George Richards Minot (December 2, 1885 – February 25, 1950) was an American medical researcher who shared the 1934 Nobel Prize with George Hoyt Whipple and William P. Murphy for their pioneering work on pernicious anemia.
Life
George Richards Minot was born in Boston, Massachusetts. He came from a medical family; his father was physician James Jackson Minot (1853–1938). One of his great-grandfathers was James Jackson (1777–1867), co-founder of Massachusetts General Hospital. He was namesake of his great-great-grandfather George Richards Minot (1758–1802). His mother was Elizabeth Whitney. His father's cousin was anatomist Charles Sedgwick Minot (1852–1914).
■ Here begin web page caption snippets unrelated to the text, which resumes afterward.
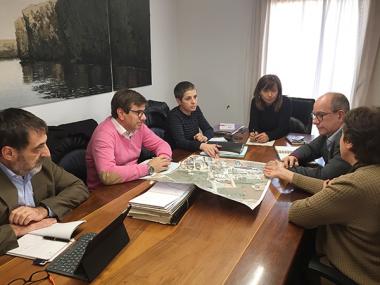 La Conselleria de Salut i l’Ajuntament cerquen una solució per incrementar el nombre d’aparcaments a L’Hospital
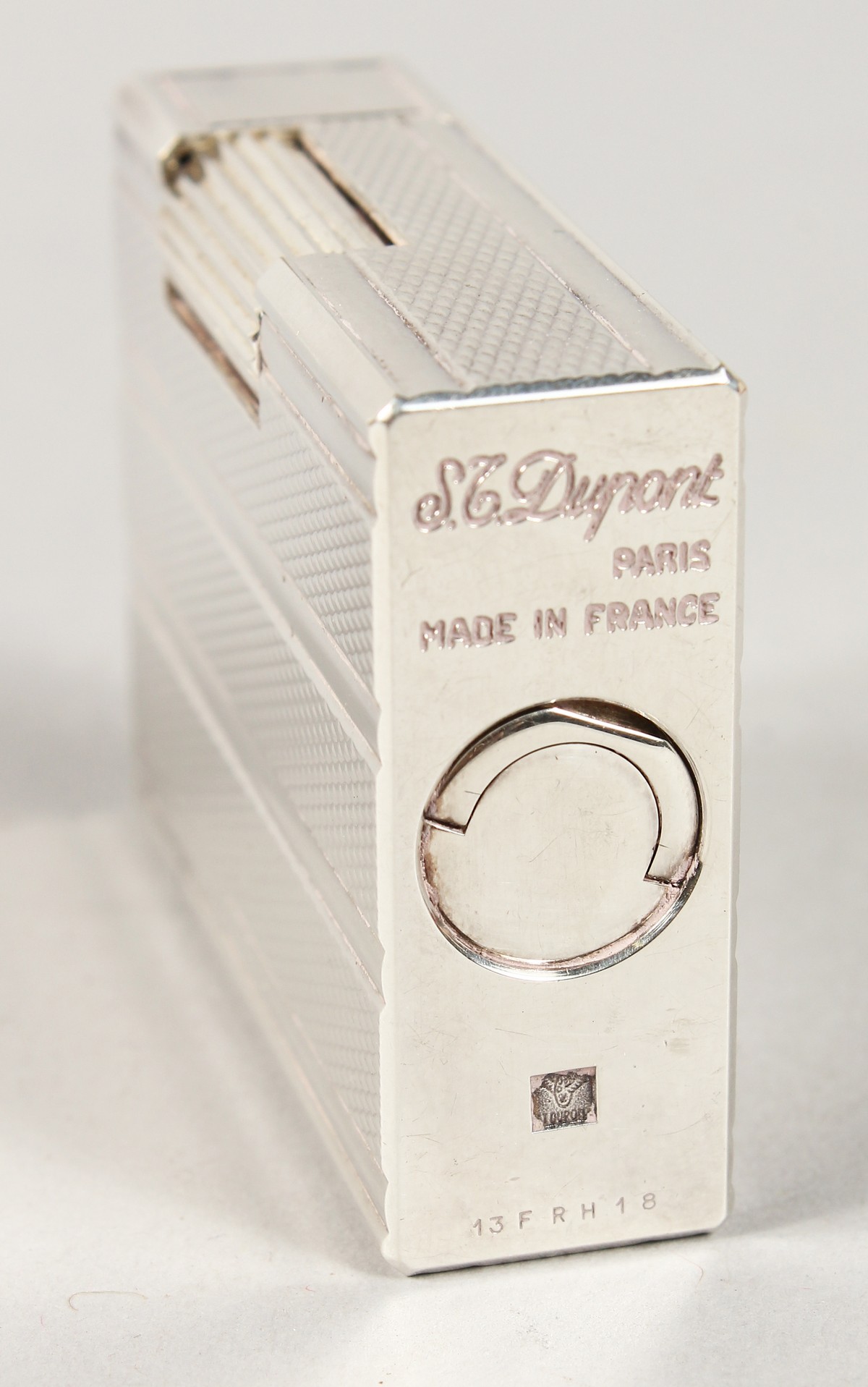 S. T. DUPONT Ligne pocket lighter, in original box with papers. - Image 2 of 8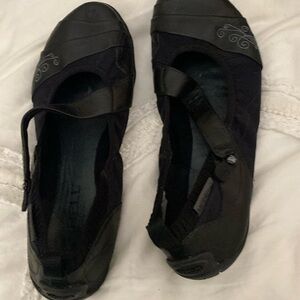 Merrill ballet flats black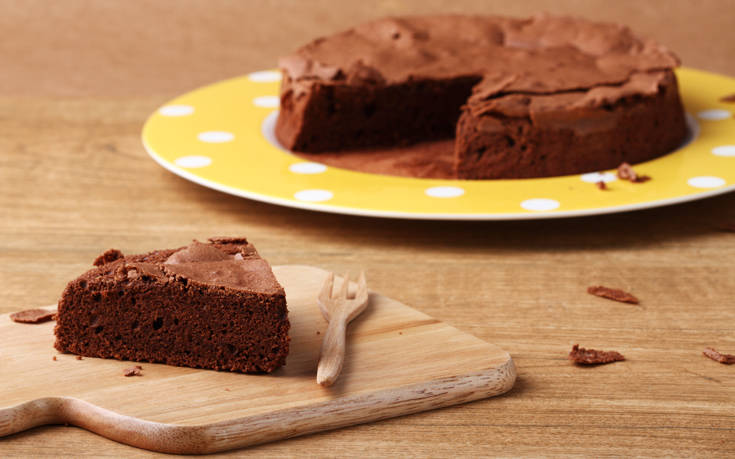 Σοκολατένιο κέικ με δύο μόνο υλικά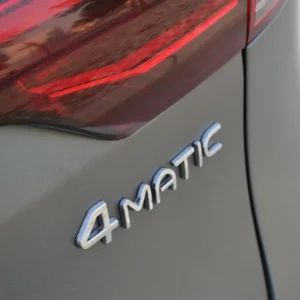 Emblem Mercedes 4Matic EQC Chrome-effect Edition | Mercedes-Benz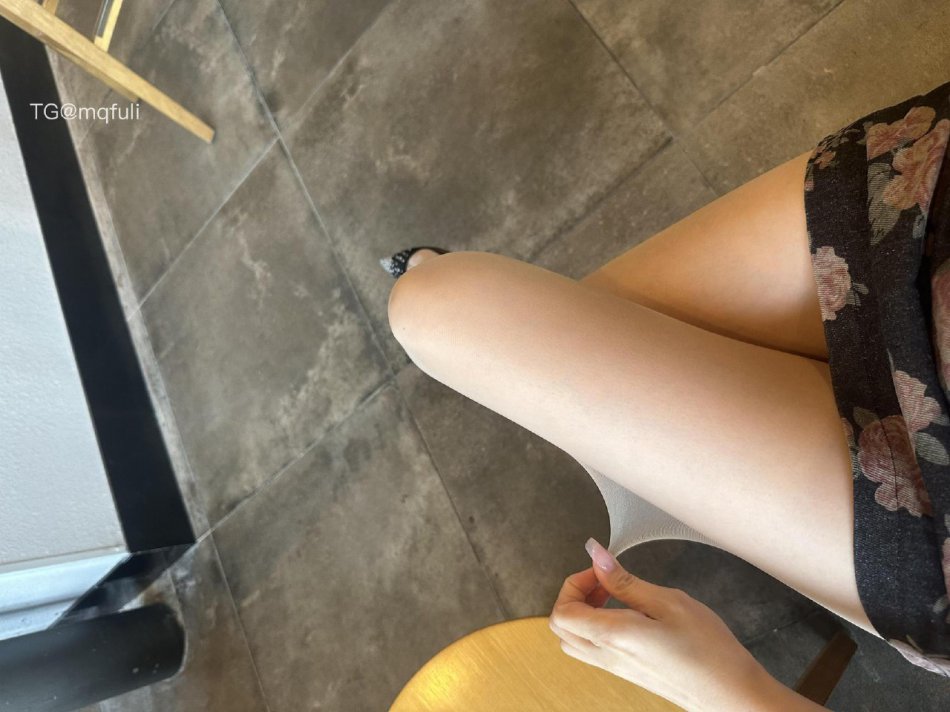 小仙女Elaine 2025-11-07 15:56:05 美腿暴击怼镜拍 第8张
He completed his A.B. in 1908 and his M.D. in 1912 from Harvard University. Between 1914 to 1915, George Minot was appointed Assistant in Medicine at the Johns Hopkins University in Baltimore, MD. In 1915, he was appointed Assistant in Medicine at the Harvard Medical School. Minot won the 1934 Nobel Prize in Physiology or Medicine with William P. Murphy and George H. Whipple for their work in the study of anemia. George Minot, working with William Murphy, described an effective treatment for pernicious anemia with liver (which is high in vitamin B12.)
Minot had diabetes mellitus, which was a uniformly fatal disease during the early part of his life. Dr. William Castle observed that Banting and Best's 1921 discovery of insulin not only transformed diabetes treatment, but, by keeping Minot alive, was therefore also responsible for the discovery of a cure for pernicious anemia. Ultimately, he was killed by diabetes complications despite active management with insulin.
Minot died February 25, 1950. He was a Unitarian.